John Westwyk's distinctive handwriting clarified that John is the author. Falk concedes, however, that "there are striking parallels between Chaucer's blueprint and John Westwyk's production" (260). Falk emphasizes that John followed Chaucer's lead in writing in the vernacular English rather than in Latin, borrowing "at least seven words that appear in Chaucer's Astrolabe but nowhere else before this time" (270). Falk points out that Chaucer was in London in the 1390's, so that an "acquaintance between the monk and the poet is not as unlikely as it may appear" (255). At this fascinating point, I was a little surprised not to find Chaucer's patron and brother-in-law John of Gaunt mentioned. John of Gaunt had close ties to St Albans and to Abbot Thomas de la Mare in particular, but he also suffered from a very deteriorated reputation after followers of his otherprotégé Wycliff stormed the monastery in 1381. Might John of Gaunt's ties to St Albans be involved in some way? Falk refrains from any speculation in this regard, limiting himself to a very interesting thesis concerning the transmission of scientific knowledge to a non-clerical audience. Commenting on John's citation of Chaucer in the Equatorie, Falk writes: "A more important reason why Westwyk wished to cite Chaucer, I believe, was the early success of his Astrolabe manual, and Chaucer's pioneering use of English for science. In this manuscript, sometime before September 1393, John Westwyk adopted Chaucer's data and...Chaucer's scientific English. It seems he saw himself as an astronomical apprentice to the great London writer" (255).

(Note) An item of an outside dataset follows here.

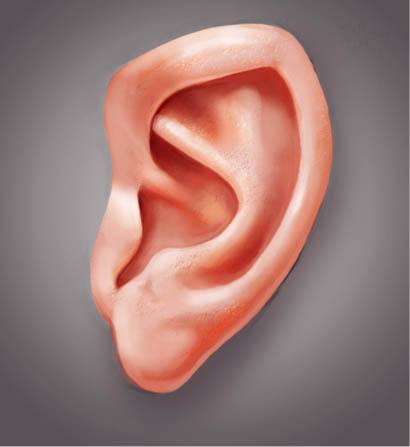 耳朵凍了怎么辦 怎么預防耳朵長凍瘡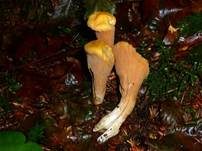 Abgestutzte Riesenkeule, Foto 7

In my view, Falk's most distinctive contribution to the history of science in The Light Ages lies in connecting a forgotten Benedictine monk to the dissemination of scientific knowledge in vernacular languages. Falk's contribution is all the more thought-provoking in that John of Westwyk's Equatorie includes hands-on instructions for building the instrument--instructions that are clearly based, as Falk proves, on John's own experience. Falk also makes a distinctive contribution to the philosophy of science. In the Epilogue, he warns the reader against a characteristically modern complacency. Just because we use advanced technologies in every aspect of our daily life does not mean that we are scientifically proficient or smart. Important scientific strides were made in the Middle Ages precisely because obscure and average people humbly yearned to have a little more control over their lives. Like Jean Gimpel in La Révolution industrielle au moyen-âge, Falk emphasizes the poignant human desire for labor-saving devices. Falk is distinctive, however, in bringing to light the angst that stimulated medieval efforts. Obscure and anonymous men like John Westwyk guide us best through the history of medieval science because they struggled with the challenges of daily life in ordinary and obscure ways. They strove to acquire new knowledge and new methods of organizing and storing information out of a sense of lack, out of a desire to decrease hardship--Locke would say "out of uneasiness."
1. See Jacques Le Goff, Pour un autre moyen-âge (Paris: Gallimard, 1977), 46-90.